Welcome to savReaderWriter’s documentation!

In the documentation below, the associated SPSS commands are given in CAPS. See also the IBM SPSS Statistics Command Syntax Reference.pdf for info about SPSS syntax.

I always appreciate getting on this package, so I can keep improving it!

See also

The savReaderWriter program uses the SPSS I/O module (.so, .dll, .dylib, depending on your Operating System). Users of the SPSS I/O module should read the International License Agreement before using the SPSS I/O module. By downloading, installing, copying, accessing, or otherwise using the SPSS I/O module, licensee agrees to the terms of this agreement. Copyright © IBM Corporation™ 1989, 2012 — all rights reserved.

Installation

Platforms

As shown in Table 0 below, this program works for Linux (incl. z/Linux), Windows, Mac OS (32 and 64 bit), AIX-64, HP-UX and Solaris-64. Version 3.2 has been tested on Linux 32 (Ubuntu and Mint), Windows (mostly on Windows XP 32, but also a few times on Windows 7 64), and Mac OS (with an earlier version of savReaderWriter). Version 3.3 has been tested on Linux 64. The other OSs are entirely untested. I intend to use Jenkins CI and Vagrant to systematically test more platforms in the future (time, time!).
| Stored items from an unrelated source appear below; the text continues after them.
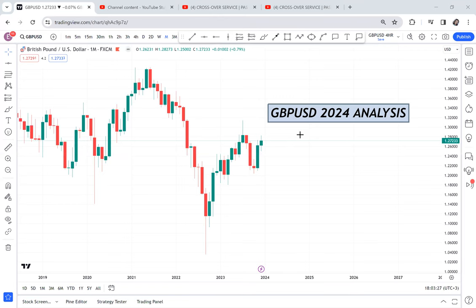GBP/USD 2024 analysis. This is the first time I'm analyzing GBP/USD after the monthly candle of 2023 had closed. GBP/USD gives direction to other currencies — if it is buying, it tells you what other currencies will do; if it is selling, it gives you information about other currencies. This is one of the trades I want us to analyze, and it will be a quick video analysis.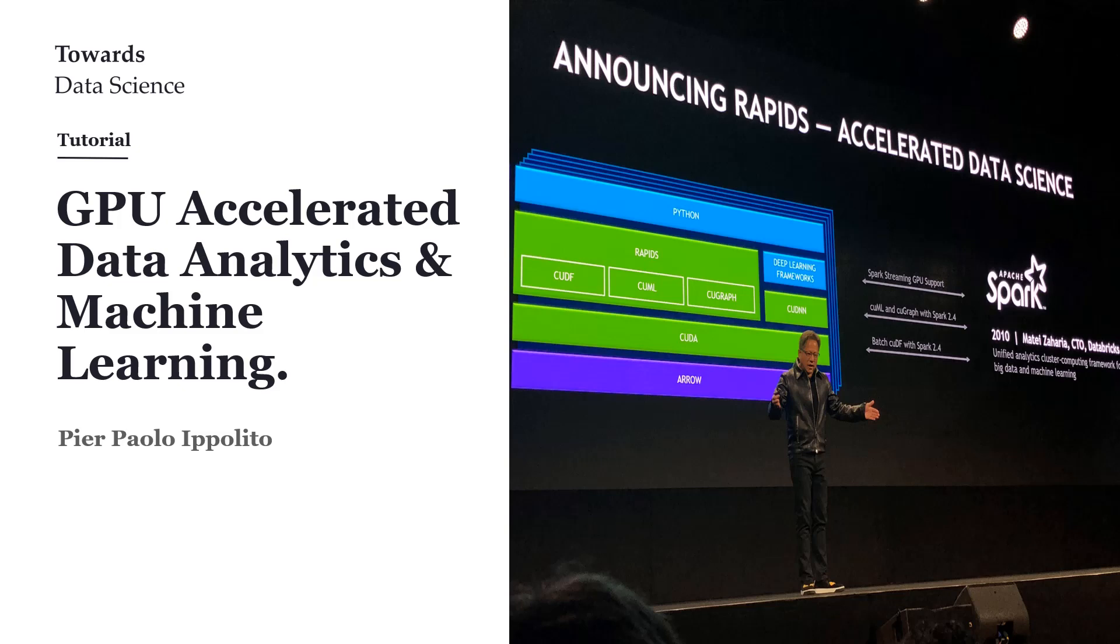Hello everyone, and welcome to this tutorial about GPU accelerated data analytics and machine learning. Today I will introduce you to Rapids, a collection of Python libraries created by NVIDIA to accelerate your machine learning, and I will give you also a practical example on how to get you started.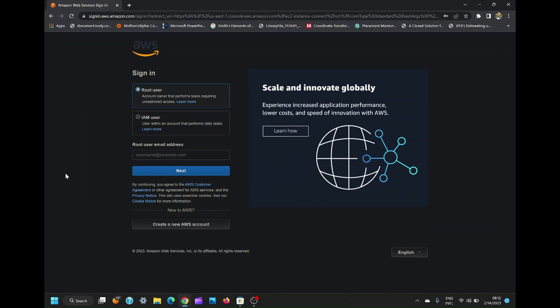In this video, I will show you how to easily connect AWS EC2 instance using SSH application on your mobile phone.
Table 0. supported platforms for savReaderWriter
Operating System Architecture
32 bit 64 bit

AIX

 

X

HP-UX

 

X

Linux

X

X

Mac OS

X

X?

Solaris

 

X

Windows

X

X

zLinux

 

X

Setup

The program can be installed by running:

python setup.py install

Or alternatively:

pip install savReaderWriter --allow-all-external

To get the ‘bleeding edge’ version straight from the repository do:

pip install -U -e git+https://bitbucket.org/fomcl/savreaderwriter.git#egg=savreaderwriter

Note

Users of Mac OS X need to do two additional things:

  • DYLD_LIBRARY_PATH needs to be set to the directory where the SPSS I/O libraries for Mac OS X live. You may also want to edit your ~/.bashrc accordingly.
  • ioLocale needs to be set manually (work-around). The ioLocale is the locale of the SPSS I/O, which is supposed to be copied from the host system, if unset (i.e., equal to None). However, Python locale.setlocale and locale.getlocale are quirky in Mac OS X (see also this OS X and Python locale snippet).
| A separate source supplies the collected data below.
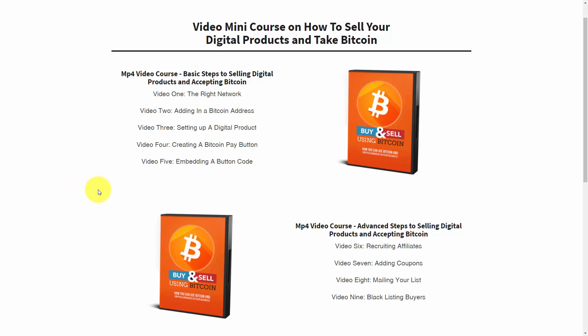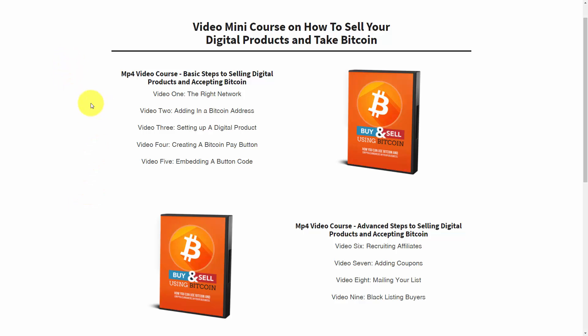Hello everyone, this is Charles Harper. I want to tell you about the resources we're putting together for the Bitcoin PLR that's being released. We have recorded nine videos showing you how to start selling your digital products or even your PLR offers and take Bitcoin for that offer.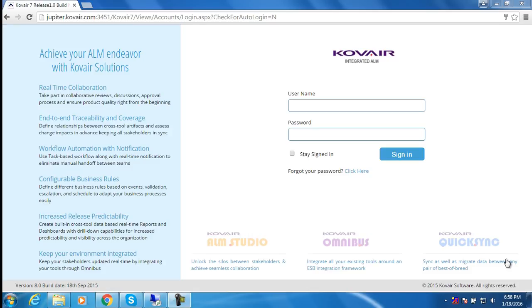Hello everyone, in this video we'll show a simple integration scenario between Covair and Jira. Here Covair is treated as a requirements management tool and Jira as a bug tracking tool. The following scenario will be demonstrated in this video.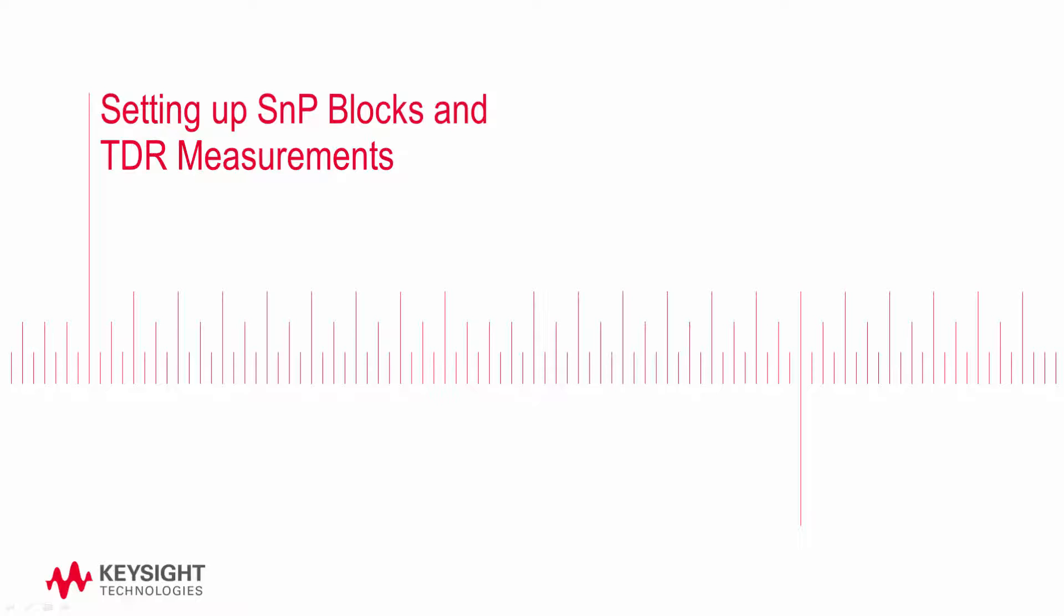In this video, we'll look at two ways to take TDR measurements. First, we'll use a transient simulation to manually run a TDR. Then we'll use the powerful TDR front panel to use S-parameter data to automatically run the measurement.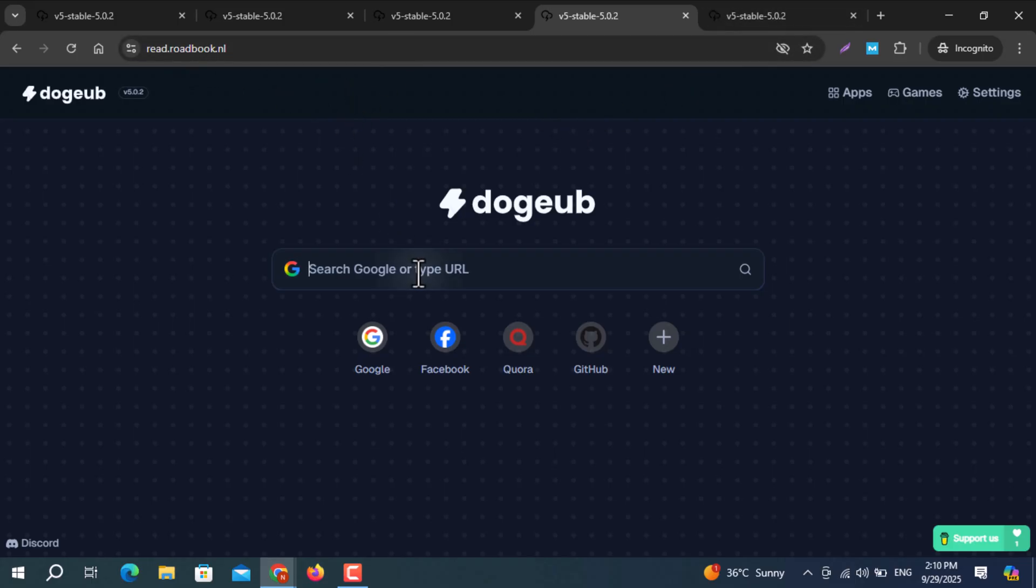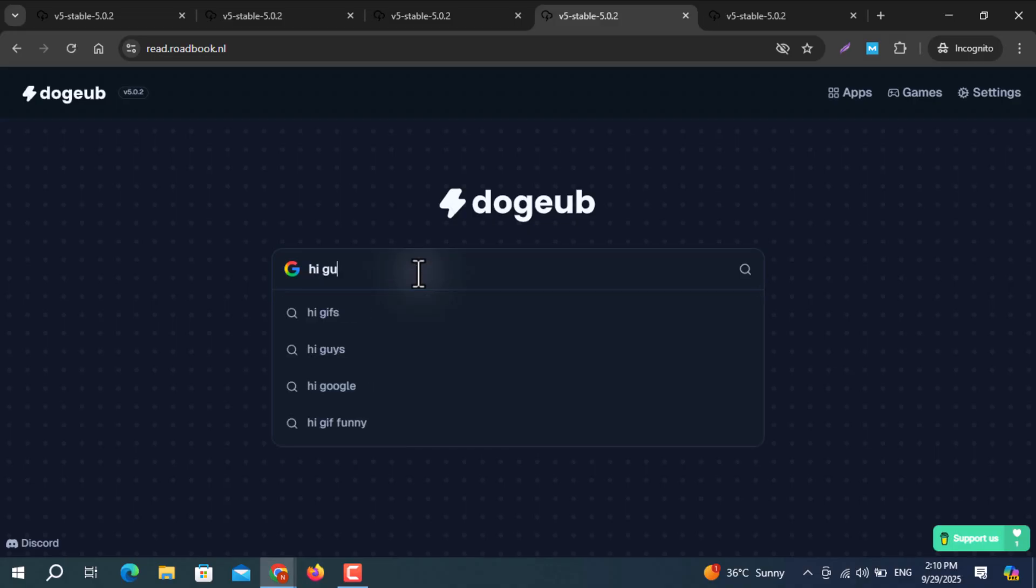Once the page finishes loading, a minimal interface will appear. Enter the URL of the site you wish to access.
The code below shows an example that uses Python 2.7.2 (Python 3.3.5 also works) under Mac OS X Mountain Lion 10.9.1:

fomcls-Mac-Pro:~ fomcl$ uname -a
Darwin fomcls-Mac-Pro.local 12.2.0 Darwin Kernel Version 12.2.0: Sat Aug 25 00:48:52 PDT 2012; root:xnu-2050.18.24~1/RELEASE_X86_64 x86_6
fomcls-Mac-Pro:~ fomcl$ export DYLD_LIBRARY_PATH=/Library/Python/2.7/site-packages/savReaderWriter/spssio/macos
fomcls-Mac-Pro:savReaderWriter fomcl$ python
Python 2.7.2 (default, Jun 20 2012, 16:23:33) [GCC 4.2.1 Compatible Apple Clang 4.0 (tags/Apple/clang-418.0.60)] on darwin
>>> import savReaderWriter
>>> savFileName = "/Library/Python/2.7/site-packages/savReaderWriter/test_data/Employee data.sav"
>>> with savReaderWriter.SavReader(savFileName, ioLocale='en_US.UTF-8') as reader:
...     for line in reader:
...         print line
...
[1.0, 'm', '1952-02-03', 15.0, 3.0, 57000.0, 27000.0, 98.0, 144.0, 0.0]
[2.0, 'm', '1958-05-23', 16.0, 1.0, 40200.0, 18750.0, 98.0, 36.0, 0.0]
[3.0, 'f', '1929-07-26', 12.0, 1.0, 21450.0, 12000.0, 98.0, 381.0, 0.0]
[4.0, 'f', '1947-04-15', 8.0, 1.0, 21900.0, 13200.0, 98.0, 190.0, 0.0]
# etc. etc.

Changed in version 3.3.

  • The savReaderWriter program now runs on Python 2 and 3. It is tested with Python 2.7, 3.3 and PyPy under Debian Linux 3.2.0-4-AMD64.
  • Under Python 3.3, the data are in bytes! Use the b’ prefix when writing string data, or write data in unicode mode (ioUtf=True).
  • Several bugs were removed, notably two that prevented the I/O modules from loading in 64-bit Linux and 64-bit Windows systems (NB: these bugs were entirely unrelated). I re-downloaded the SPSS I/O v21 FP1 modules because the Win 64 libs were incorrectly compiled. In addition, long variable labels were truncated to 120 characters, which is now fixed.
  • This has not yet been tested for performance.

Changed in version 3.2.

  • The savReaderWriter program is now self-contained. That is, the IBM SPSS I/O modules now all load by themselves, without any changes being required anymore to PATH, LD_LIBRARY_PATH and equivalents. Also, no extra .deb files need to be installed anymore (i.e. no dependencies).
  • savReaderWriter now uses version 21.0.0.1 (i.e., Fixpack 1) of the I/O module.

Optional features

cWriterow. The cWriterow package is a faster Cython implementation of the pyWriterow method (66 % faster). To install it, you need Cython and run setup.py in the cWriterow folder:

easy_install cython
python setup.py build_ext --inplace

TODO: Note that cWriterow is not yet ready for use under Python 3 (in fact, the code may need to be fixed for Python 2, too).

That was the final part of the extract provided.